创作声明:本文为虚构创作,请勿与现实关联
1998年深秋,长白山深处的风像刀子一样刮在脸上。
我把怀里那块带着体温的干粮,递给靠在树根底下冻得直哆嗦的迷路老汉。
他饿坏了,抓过去就狼吞虎咽。可刚嚼了两口,他嚼东西的动作猛地停住了。
我眼睁睁看着他的脸色从冻得发紫,瞬间变得惨白如纸。他突然剧烈地干呕起来,把嘴里的碎渣全吐在雪地上,然后疯了一样扑过来死死抓住我的衣领。
他哆嗦着手,从贴身的破棉袄深处掏出一把生锈的沉重铁锁,硬塞进我手里。
“兄弟,今晚天一黑,把门从里面锁死,谁叫你都别开。记住,谁叫都别开!”
老汉说完这句话,看我的眼神就像在看一个死人。他连滚带爬地扎进了一旁的密林里,活像身后有什么极其恐怖的东西在追。
我捏着那把冰凉的铁锁,站在原地,脊背一点点渗出冷汗。
01
我叫周怀安,原本是县里机修厂的钳工。
98年厂子倒闭,我成了一名下岗职工。

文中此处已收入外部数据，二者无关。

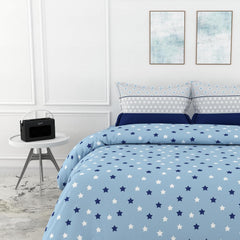 1 Double Bedsheet With 2 Pillow Covers - 88 X 90 Inches, Nile Blue | Queen Size Double Bedsheet Cotton | Ideal For Everyday Use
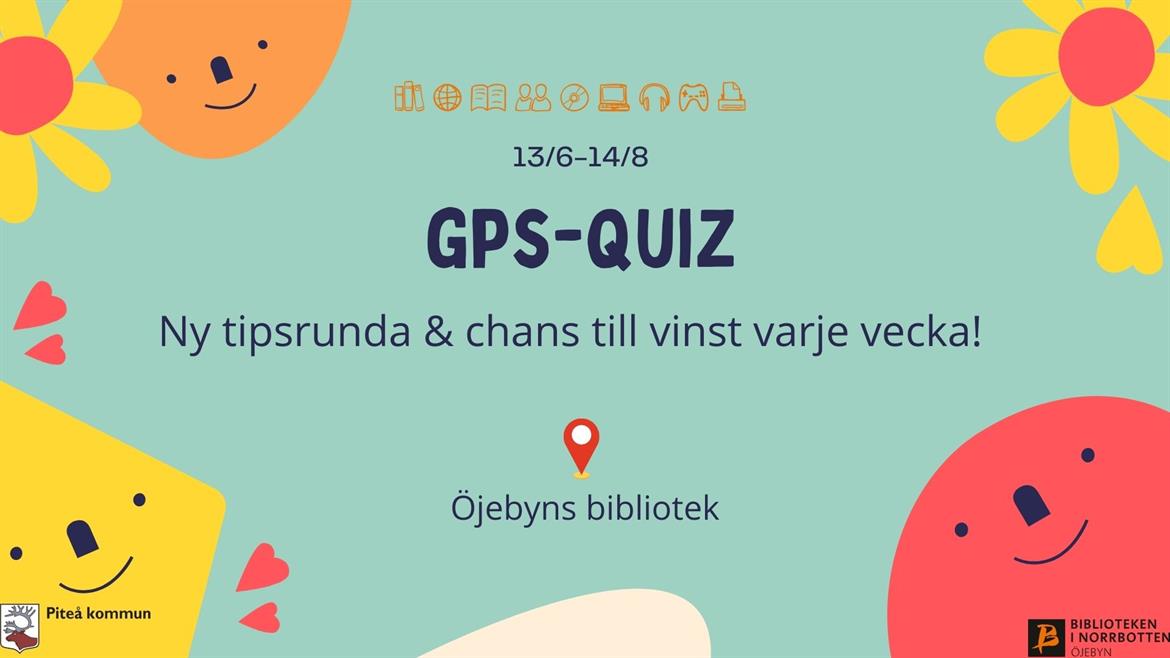 GPS-quiz affisch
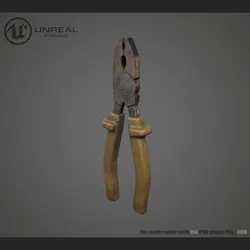 Old Pliers Low-poly 3D model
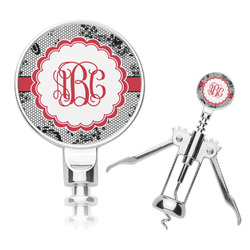 Black Lace Corkscrew (Personalized)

那年我三十五岁,家里全乱套了。
妻子顾秋雁在菜市场摆个摊卖冻梨,起早贪黑赚的那点毛票,根本不够填补家里的窟窿。最要命的是,我七岁的女儿在那年秋天查出了严重的肾病。
医生拿着单子跟我说,住院费加上后续的药费,起码得两万块钱。
那时候的两万块,对我来说就是一座翻不过去的大山。秋雁半夜躲在被窝里哭,我蹲在楼道口抽了一地的烟头。
走投无路的时候,我找到了林业站的站长沈长青。沈站长以前跟我父亲是老相识,我舔着脸去求他,问站里有没有来钱快的活儿,多苦多险我都能干。
沈长青喝了口茶,盯着我看了半天,叹了口气。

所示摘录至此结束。